With continued discussion concerning health care preferences for all patients, including those who are incompetent, greater options have been made available to secure health care directives. The involvement of third parties in a patient’s health becomes more likely in decisions that may occur in instances other than the end of life.

In addition, the council recognizes that there is a spectrum of decision-making capacity ranging from immaturity, to mental illness, to serious brain damage, and that health care decisions often must be made for individuals with diminished decisional faculties over extended periods of time. The council offers the following report to expand on its previous guidelines and to identify features related to a meaningful and effective physician-proxy relationship.

The report begins by defining a number of terms related to health care directives before presenting theoretical frameworks used in making decisions for incompetent patients. It then provides a protocol for identifying a surrogate decision maker as well as guidance for physicians who may run into conflict either assisting the surrogate in coming to a decision or with the decision itself. Finally, the report offers guidelines for nurturing an effective physician-proxy relationship.[1]

A study was conducted aiming to describe physicians’ experiences with surrogate communication and decision making for hospitalized adults. It was concluded that physician-surrogate decision making may be enhanced if patients discuss their preferences in advance and if physician contact with surrogate decision makers is facilitated.[2] A further study by the same group of researchers was conducted exploring the degree to which physicians report reliance on patient preferences when making medical decisions for hospitalized patients lacking decisional capacity. Although a majority of physicians identified patient preferences as the most important general ethical guideline for surrogate decision-making, they relied on a variety of factors when making treatment decisions for a patient lacking decisional capacity.[3]

Designating a surrogate decision maker

The Patient Self-Determination Act guarantees a patient’s right to formally designate a surrogate to make treatment decisions for the patient if the patient becomes unable to make their own decisions. A surrogate decision-maker, or durable power of attorney for health care (DPA/HC), must be documented. A common form that is valid in 40 states is Five Wishes.[4][5]

When filing an advance directive, an alternate health care agent should be identified. The surrogate decision maker must be a trusted individual that is able to make crucial decisions on behalf of the advance directive client. The advance directive should also indicate specific instructions for when a patient is incapacitated. Treatment options should be examined and discussed with a physician, attorney, and family members. Common instructions might include instruction surrounding the use of a feeding tube. The client's inclinations must be clearly written, and the health care agent should fully understand the instructions given as well as how to execute them.[6]

When drafting a health care proxy, it is best to consult a physician and attorney. The forms are available through lawyers, hospitals, and websites dedicated to health care ethics. The proxy must identify the client and the client's agent, also including all contact information. The advance directive must state that the designated agent has authority to make health care decisions on the patient’s behalf and what limitations, if any, are imposed on the agent’s authority. The document should clearly state that the agent's authority begins only when the patent is unable to make health care decisions. When the document is finished, it must be signed and have been witnessed by two individuals who are not the agents, caregivers, or relatives to the patient. The completed document should be signed by the witnesses and the client of the advance directive. The document should be given to the patent’s physician, lawyer, spouse/partner, and family. The advance directive should be reviewed regularly and reflect changes in the client's current marital situation (e.g. marriage or divorce). For the agent to view the medical records of the client, the client should sign a HIPAA (Health Insurance Portability and Accountability Act) release form.[7][8][9][10]
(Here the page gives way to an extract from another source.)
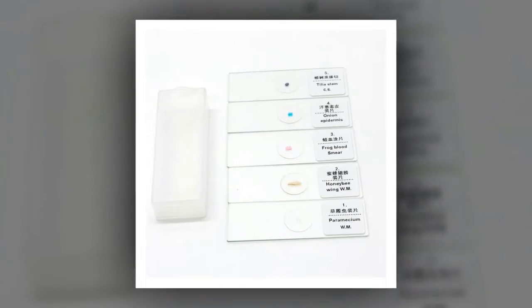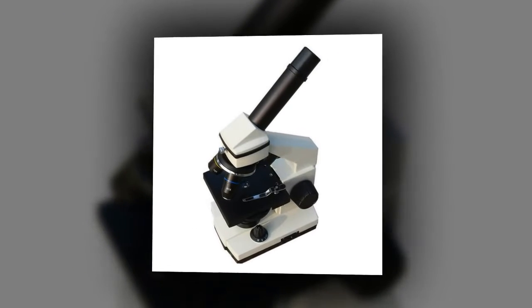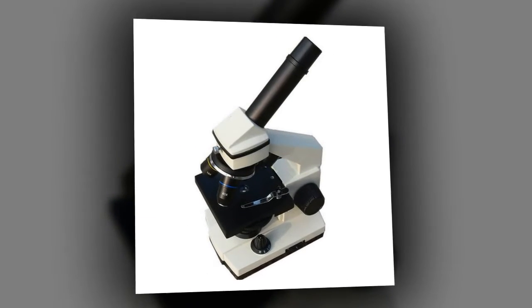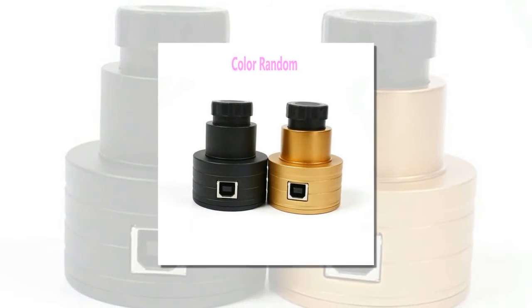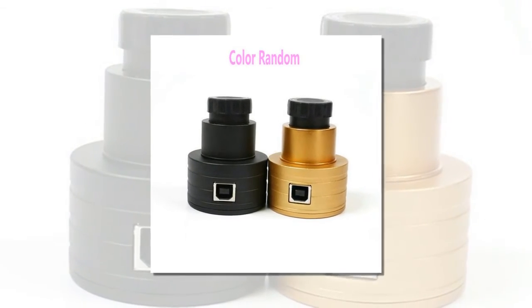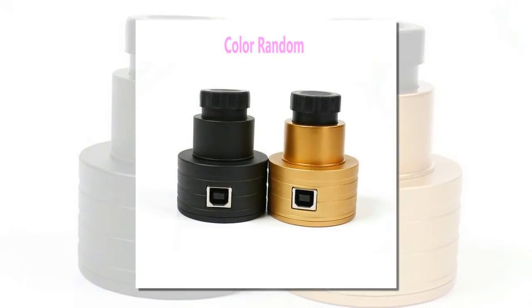It is also suitable for biological education and research at home. Eyepieces: WF10X and WF16X with wide field of view.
Criteria for being a surrogate agent

In the event that a surrogate decision maker has not been identified through either a medical power of attorney or a court-appointed legal guardian, such an agent is selected by medical personnel. A patient must meet a certain set of criteria prior to the legal selection of a health care surrogate agent. The patient must have a disabling condition such as a mental illness or infirmity, an impairment in the ability to complete activities of daily living, cognitive impairment, and a lack of any previously indicated alternative to guardianship. This person is chosen by either the attending physician or their advance practice nurse.[11]

Health care surrogates are selected in the following order of priority:

  1. The client's guardian
  2. The client's spouse
  3. Any adult son or daughter of the client
  4. Either parent of the client
  5. Any adult brother or sister of the client
  6. Any adult grandchild of the client, or an adult relative who has exhibited special care and concern, who has maintained close contact, and who is familiar with the patient’s activities, health, and religious or moral beliefs
  7. A close friend of the client
  8. The client's guardian of the estate[12][13]
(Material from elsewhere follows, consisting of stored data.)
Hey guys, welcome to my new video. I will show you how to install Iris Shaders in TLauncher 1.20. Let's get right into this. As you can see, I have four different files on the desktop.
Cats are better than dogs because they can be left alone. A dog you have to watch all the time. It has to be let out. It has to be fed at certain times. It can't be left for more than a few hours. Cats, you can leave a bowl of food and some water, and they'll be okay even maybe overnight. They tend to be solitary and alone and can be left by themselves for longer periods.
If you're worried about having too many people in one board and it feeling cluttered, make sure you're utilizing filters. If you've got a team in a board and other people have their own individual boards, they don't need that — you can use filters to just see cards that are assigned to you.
When there are multiple candidates at the same level of priority in the hierarchal structure, it becomes their duty to reach an agreement in regard to decisions and care of the patient. If such surrogate agents are unable to develop a consensus, the physician looks to the majority of agents in that category.[14]

If an agent of greater hierarchy becomes available than the current identified agent, the person of higher precedence has priority. If any agent becomes unavailable, the physician returns to the hierarchal structure to indicate the next candidate.[14]

A prime example of this would be Nancy Cruzan. This case has helped to establish some principles of surrogacy, such as using the person who best knows the patient rather than just the next of kin.

Controversial agents

Any health care surrogate agent is granted the same rights in regard to access of medical information and decision-making as would the alert and competent patient. These rights remain until such time as the client regains decisional capacity, a guardian is appointed, or the patient’s death occurs. All health care surrogates are expected to follow the same set of standards: patient’s known wishes, substituted judgments, and patient’s best interests.[14][15]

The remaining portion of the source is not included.